• **Your goal**: Please, without any pictures, set down exactly the part of the listing below that opens with the line containing "Empty‎ Royal Basmati" and closes with the line containing "CJ2M-MD212 Kích thước".

BEGIN Material shown

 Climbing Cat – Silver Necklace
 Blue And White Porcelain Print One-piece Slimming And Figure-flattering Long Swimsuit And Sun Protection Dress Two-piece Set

END Material shown
BEGIN Material shown

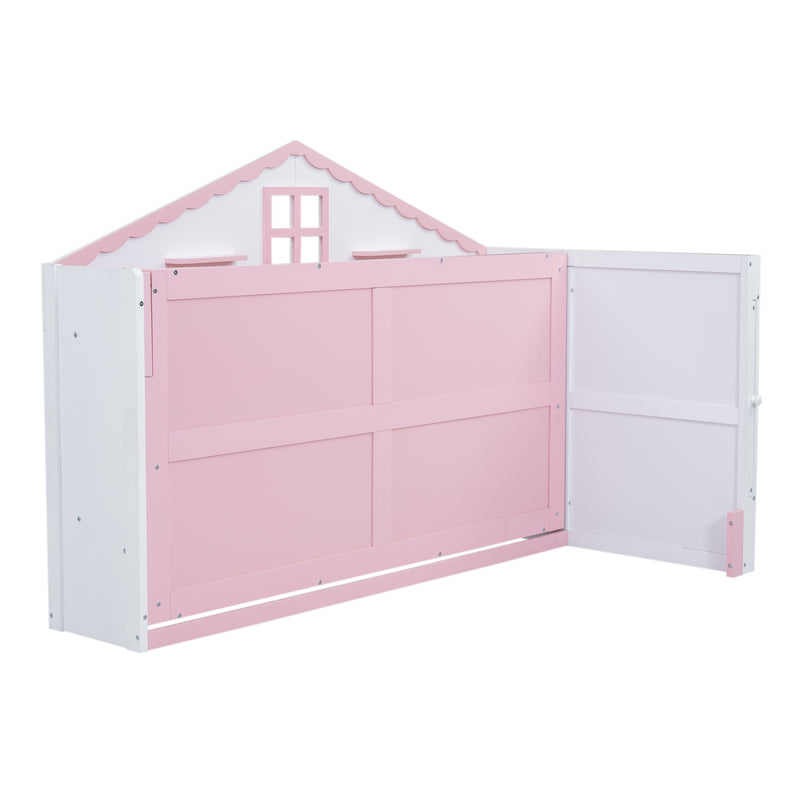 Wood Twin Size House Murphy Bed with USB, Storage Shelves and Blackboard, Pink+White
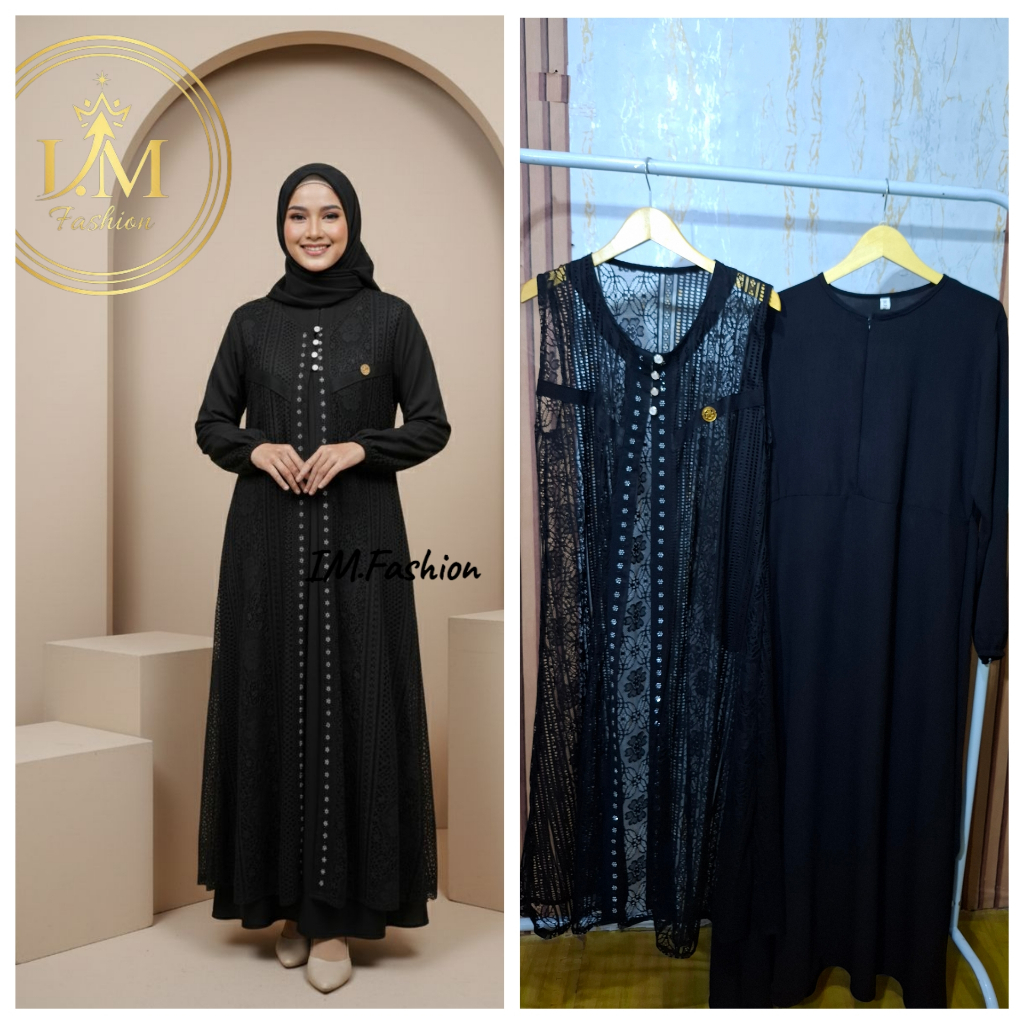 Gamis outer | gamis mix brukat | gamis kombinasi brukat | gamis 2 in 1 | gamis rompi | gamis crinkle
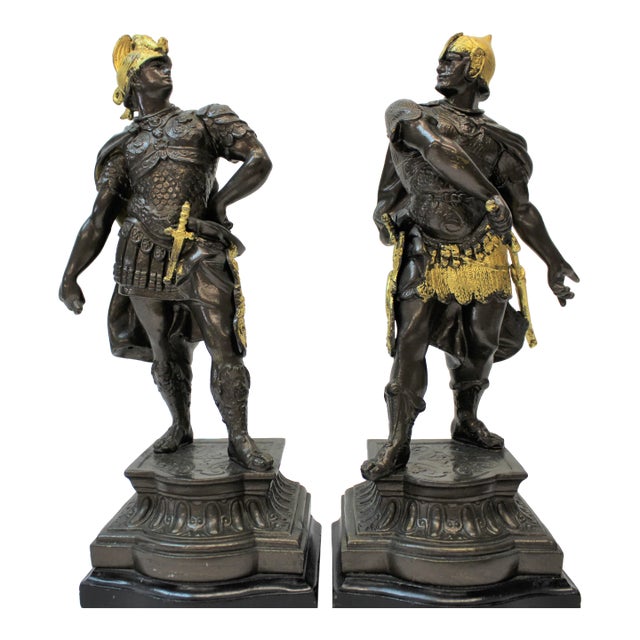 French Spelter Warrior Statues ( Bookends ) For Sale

END Material shown
BEGIN Material shown

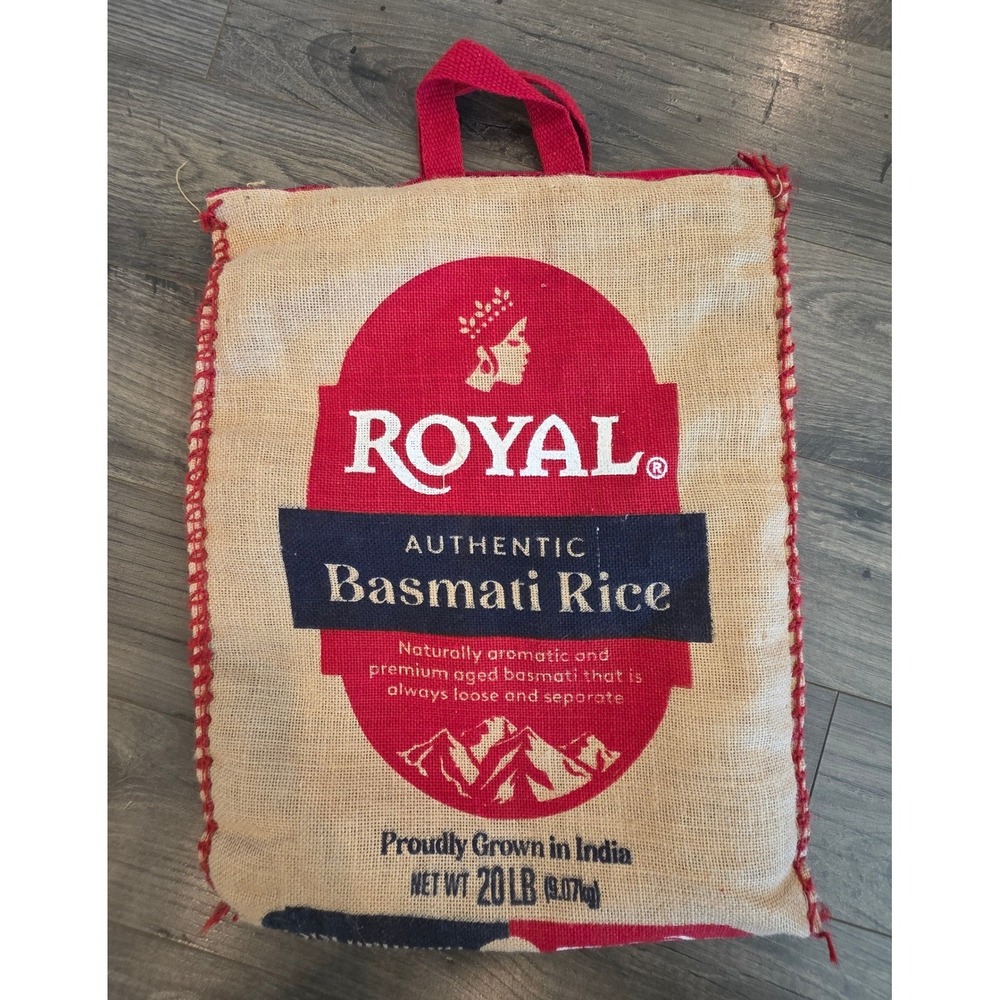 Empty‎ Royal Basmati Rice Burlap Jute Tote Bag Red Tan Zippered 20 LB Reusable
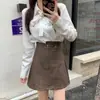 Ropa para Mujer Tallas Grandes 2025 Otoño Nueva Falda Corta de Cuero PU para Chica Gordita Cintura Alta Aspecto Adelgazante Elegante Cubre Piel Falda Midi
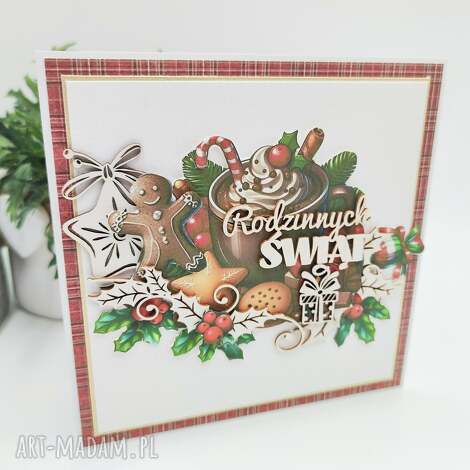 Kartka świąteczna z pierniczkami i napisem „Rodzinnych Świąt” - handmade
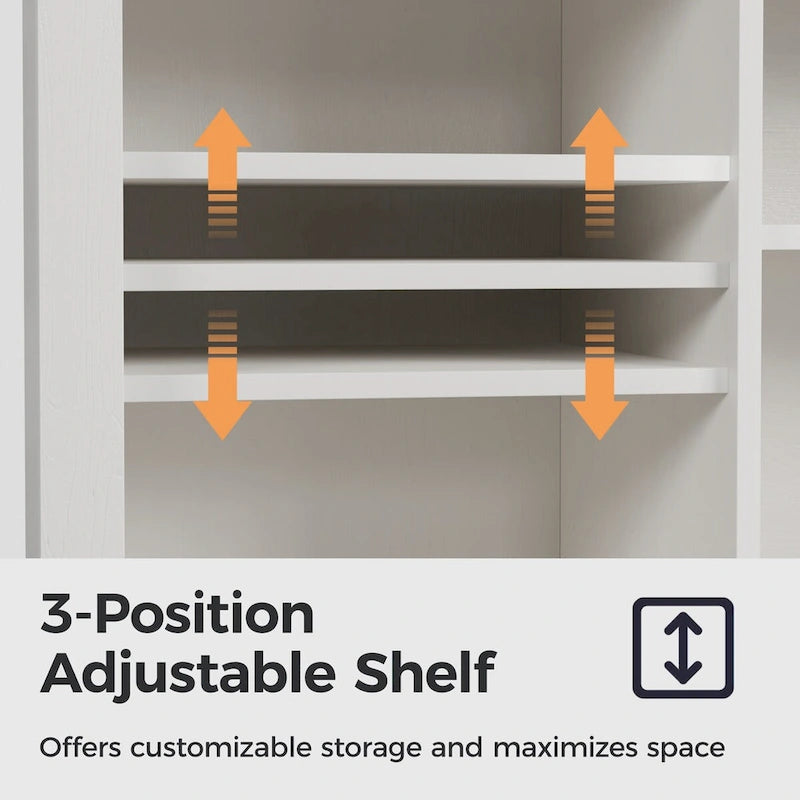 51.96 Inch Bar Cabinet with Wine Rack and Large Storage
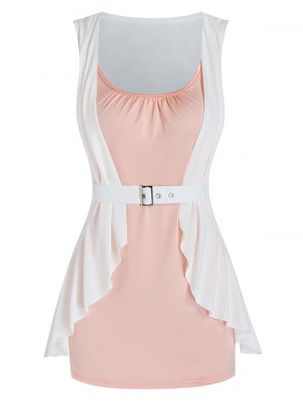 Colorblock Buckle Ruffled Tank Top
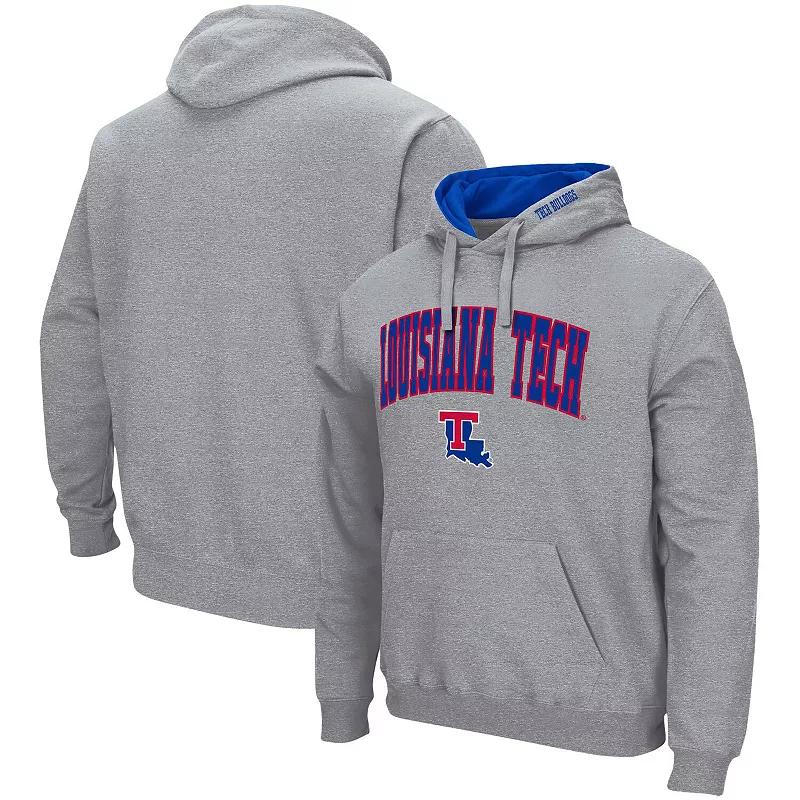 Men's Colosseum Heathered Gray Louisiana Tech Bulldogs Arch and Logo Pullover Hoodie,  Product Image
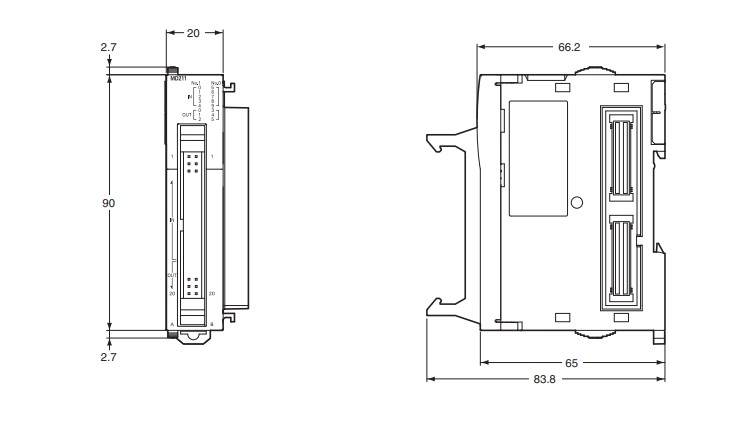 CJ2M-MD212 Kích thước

END Material shown

• **Solution to this task**:
 Empty‎ Royal Basmati Rice Burlap Jute Tote Bag Red Tan Zippered 20 LB Reusable
 Ropa para Mujer Tallas Grandes 2025 Otoño Nueva Falda Corta de Cuero PU para Chica Gordita Cintura Alta Aspecto Adelgazante Elegante Cubre Piel Falda Midi
 Kartka świąteczna z pierniczkami i napisem „Rodzinnych Świąt” - handmade
 51.96 Inch Bar Cabinet with Wine Rack and Large Storage
 Colorblock Buckle Ruffled Tank Top
 Men's Colosseum Heathered Gray Louisiana Tech Bulldogs Arch and Logo Pullover Hoodie,  Product Image
 CJ2M-MD212 Kích thước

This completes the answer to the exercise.